> _Data supplied_
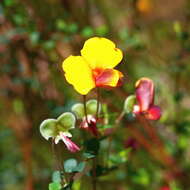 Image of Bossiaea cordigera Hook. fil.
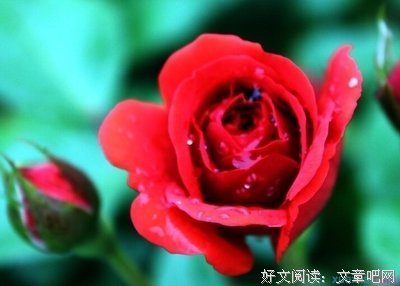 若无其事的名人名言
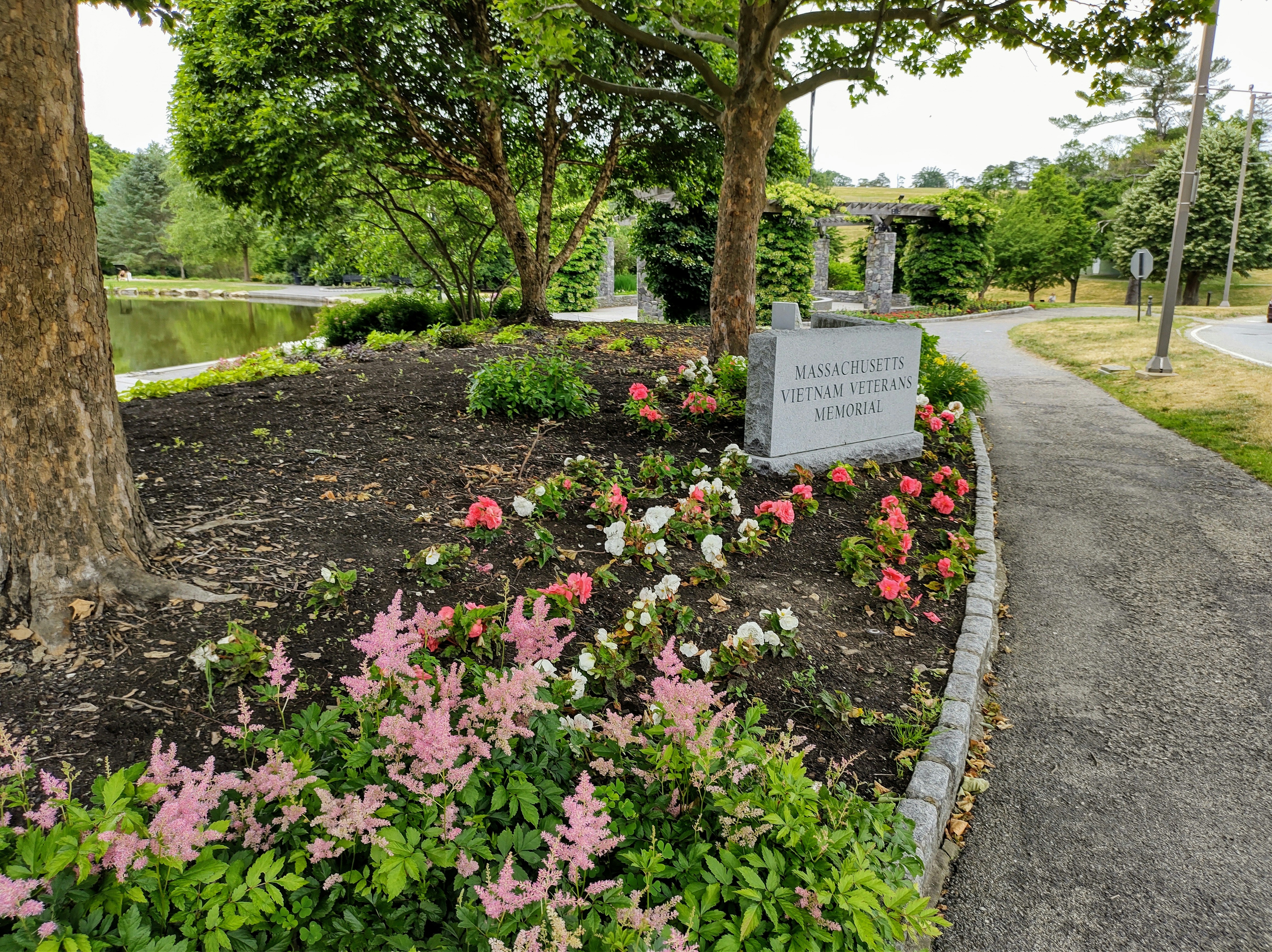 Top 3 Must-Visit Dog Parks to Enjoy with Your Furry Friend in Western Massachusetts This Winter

* * *

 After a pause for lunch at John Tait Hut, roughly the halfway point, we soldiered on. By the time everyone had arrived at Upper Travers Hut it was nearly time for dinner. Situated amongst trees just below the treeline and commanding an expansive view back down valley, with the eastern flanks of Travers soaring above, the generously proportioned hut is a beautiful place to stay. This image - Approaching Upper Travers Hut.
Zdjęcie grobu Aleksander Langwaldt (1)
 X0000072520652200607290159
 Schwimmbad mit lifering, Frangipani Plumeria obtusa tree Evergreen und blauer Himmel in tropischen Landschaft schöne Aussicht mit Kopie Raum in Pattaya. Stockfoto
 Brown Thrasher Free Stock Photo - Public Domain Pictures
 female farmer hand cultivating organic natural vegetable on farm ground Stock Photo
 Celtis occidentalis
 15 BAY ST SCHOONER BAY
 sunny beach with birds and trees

==

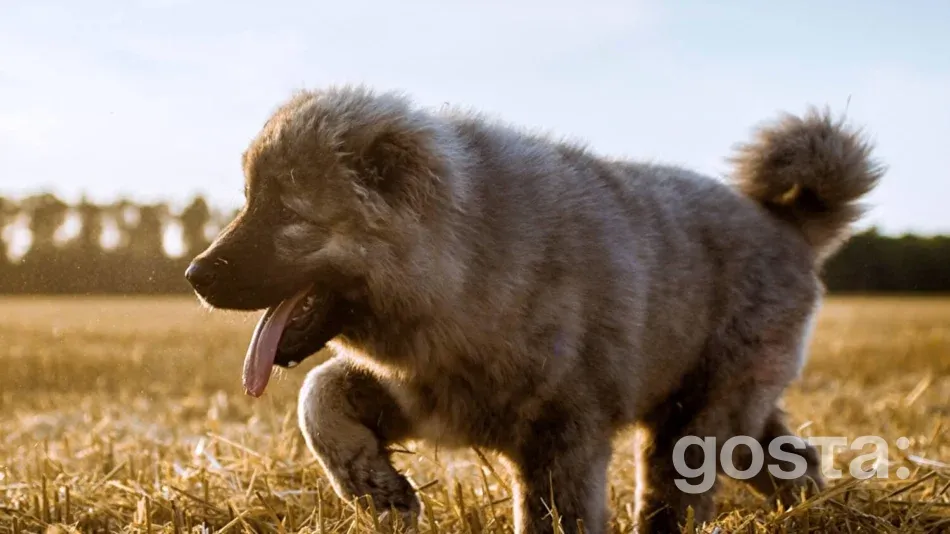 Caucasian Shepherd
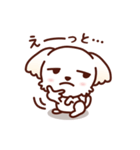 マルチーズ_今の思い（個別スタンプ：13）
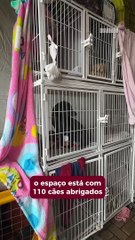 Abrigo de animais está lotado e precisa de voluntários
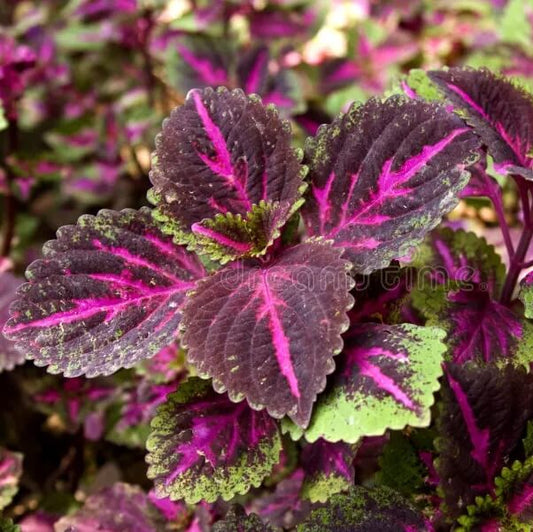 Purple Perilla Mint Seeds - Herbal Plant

> _Task statement_
Everything from the line above that contains "マルチーズ_今の思い（個別スタンプ：13）" down to the line that contains "Purple Perilla Mint Seeds - Herbal Plant" must be reproduced exactly, both ends included. Omit the pictures.

> _Reply_
 マルチーズ_今の思い（個別スタンプ：13）
 Abrigo de animais está lotado e precisa de voluntários
 Purple Perilla Mint Seeds - Herbal Plant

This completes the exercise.